* TASK DETAILS:
Images are to be omitted, and the rest of the records reproduced exactly.

* DATA:
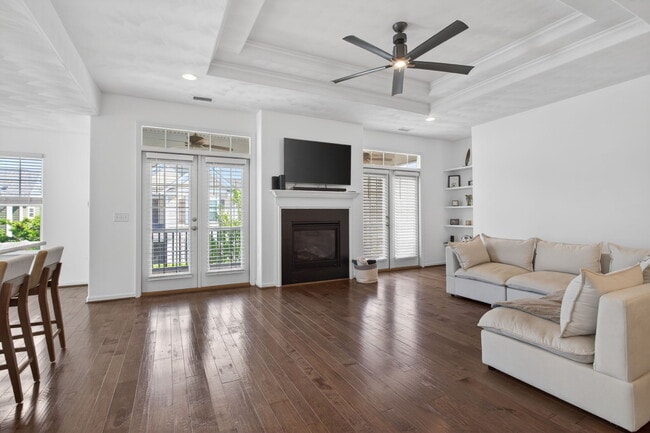 Photo - 207 Hearthstone Rch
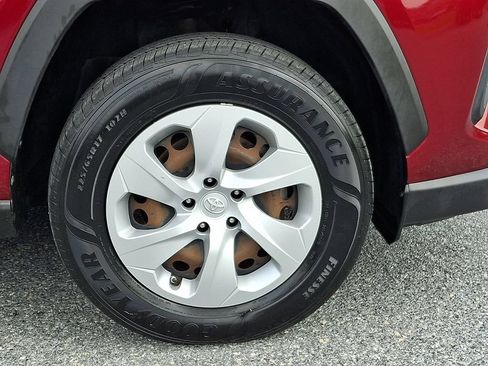 Used 2019 Toyota RAV4 LE AWD/4WD image 8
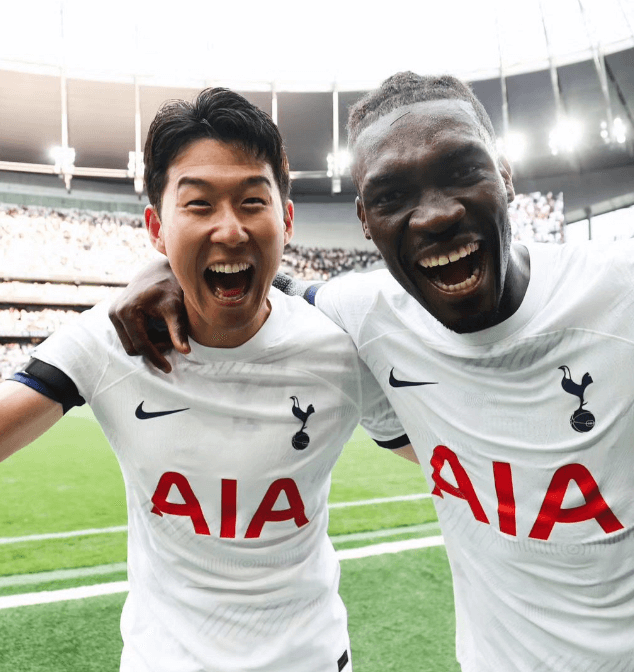 손흥민 아스날 토트넘 경기 중 동료와 기뻐하는 장면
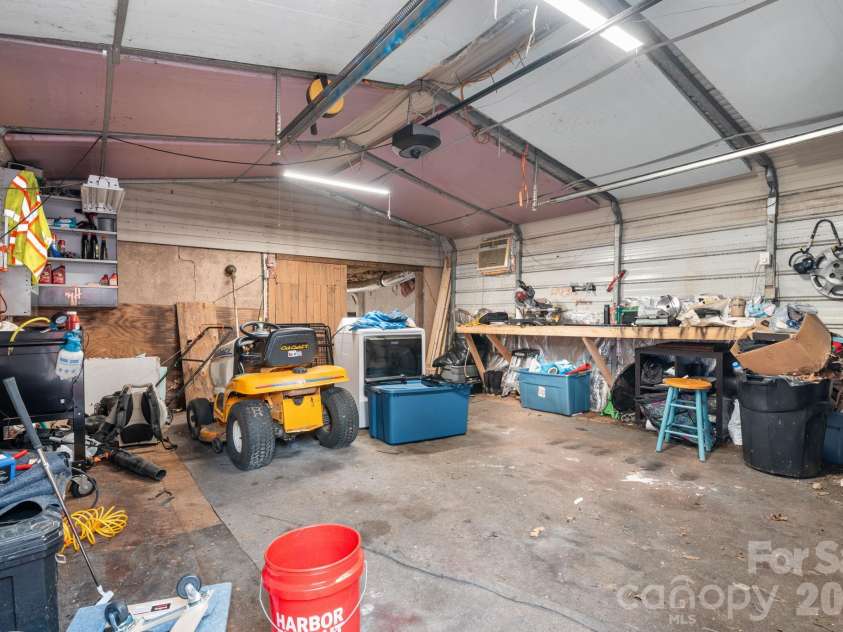 617 Hawthorne Street, Hudson, NC 28638.  MLS# CAR4435748, YatesRealty ID 57383. 
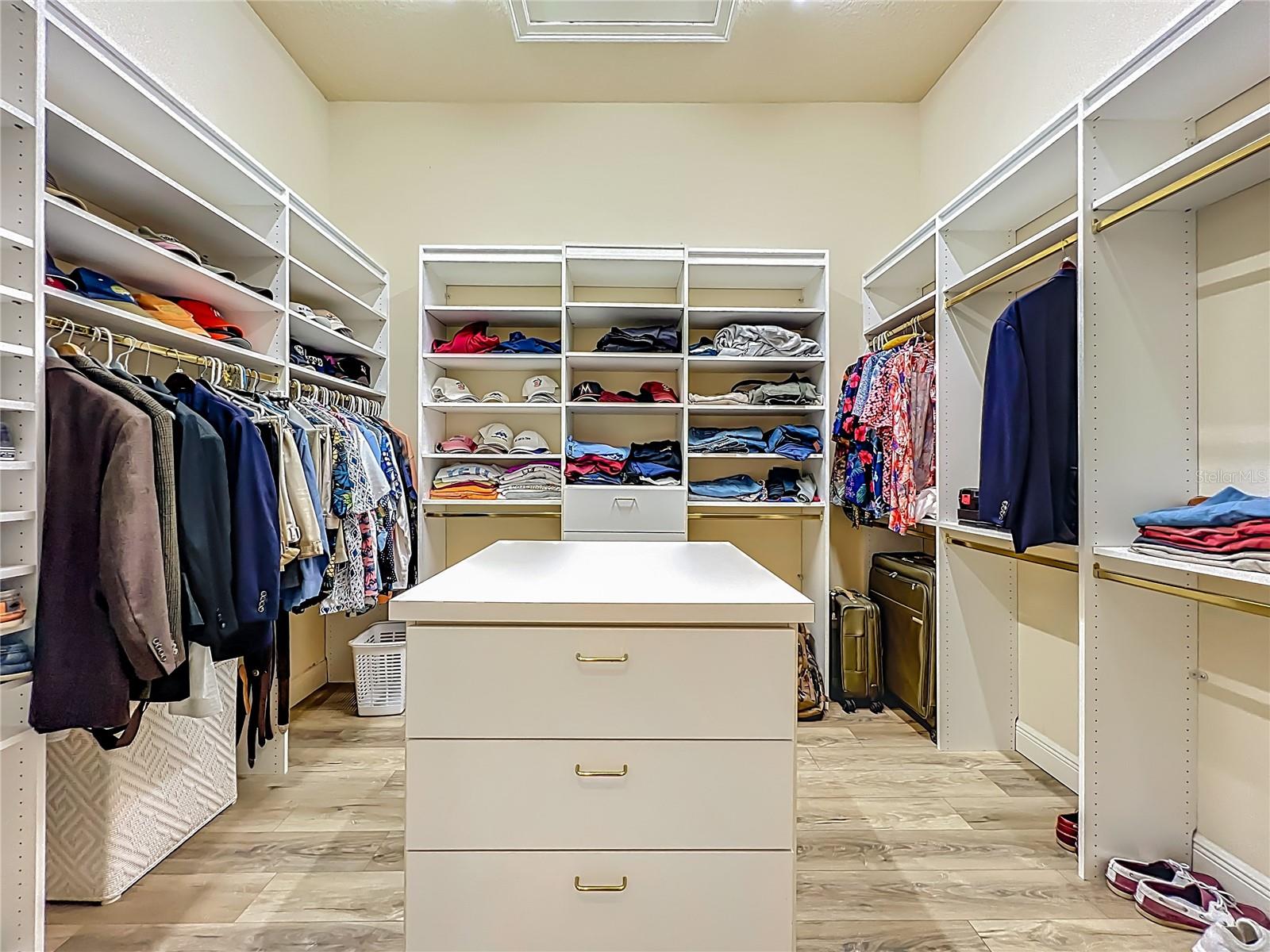 Listing photo id 48 for 3444 Foxmeadow Court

* WRITTEN SOLUTION:
 Photo - 207 Hearthstone Rch
 Used 2019 Toyota RAV4 LE AWD/4WD image 8
 손흥민 아스날 토트넘 경기 중 동료와 기뻐하는 장면
 617 Hawthorne Street, Hudson, NC 28638.  MLS# CAR4435748, YatesRealty ID 57383. 
 Listing photo id 48 for 3444 Foxmeadow Court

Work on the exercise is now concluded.